═══ Data under study ═══
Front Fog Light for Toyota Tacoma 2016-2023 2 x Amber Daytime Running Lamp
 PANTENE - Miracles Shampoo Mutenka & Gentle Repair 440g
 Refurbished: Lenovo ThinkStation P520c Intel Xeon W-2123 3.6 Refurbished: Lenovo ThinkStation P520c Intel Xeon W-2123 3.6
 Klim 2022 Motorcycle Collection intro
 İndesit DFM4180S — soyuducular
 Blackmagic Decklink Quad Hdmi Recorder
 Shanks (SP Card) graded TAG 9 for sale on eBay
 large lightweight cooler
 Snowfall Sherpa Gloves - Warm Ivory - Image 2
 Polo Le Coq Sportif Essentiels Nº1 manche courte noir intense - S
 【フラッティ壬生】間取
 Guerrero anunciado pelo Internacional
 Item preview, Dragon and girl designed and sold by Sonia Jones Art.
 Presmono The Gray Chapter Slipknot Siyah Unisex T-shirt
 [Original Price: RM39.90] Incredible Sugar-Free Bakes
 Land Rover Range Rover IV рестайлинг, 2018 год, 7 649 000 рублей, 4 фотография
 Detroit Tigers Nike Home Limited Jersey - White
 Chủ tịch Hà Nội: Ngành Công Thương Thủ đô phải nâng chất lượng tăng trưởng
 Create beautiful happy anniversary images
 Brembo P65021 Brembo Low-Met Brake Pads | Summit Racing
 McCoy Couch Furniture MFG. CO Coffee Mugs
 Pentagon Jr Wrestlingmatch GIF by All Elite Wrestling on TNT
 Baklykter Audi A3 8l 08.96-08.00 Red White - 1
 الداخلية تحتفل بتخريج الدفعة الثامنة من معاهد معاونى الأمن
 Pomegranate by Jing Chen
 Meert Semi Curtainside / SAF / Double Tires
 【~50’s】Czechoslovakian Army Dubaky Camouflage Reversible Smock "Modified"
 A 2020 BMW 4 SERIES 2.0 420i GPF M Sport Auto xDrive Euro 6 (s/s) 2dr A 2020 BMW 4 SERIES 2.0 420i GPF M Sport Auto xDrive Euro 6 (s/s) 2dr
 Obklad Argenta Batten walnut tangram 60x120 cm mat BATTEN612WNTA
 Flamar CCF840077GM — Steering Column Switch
═══
__Work order__. Retype exactly the lines from the start of the entries through the one with "İndesit DFM4180S — soyuducular"; include both ends.

__Response to the task__.
Front Fog Light for Toyota Tacoma 2016-2023 2 x Amber Daytime Running Lamp
 PANTENE - Miracles Shampoo Mutenka & Gentle Repair 440g
 Refurbished: Lenovo ThinkStation P520c Intel Xeon W-2123 3.6 Refurbished: Lenovo ThinkStation P520c Intel Xeon W-2123 3.6
 Klim 2022 Motorcycle Collection intro
 İndesit DFM4180S — soyuducular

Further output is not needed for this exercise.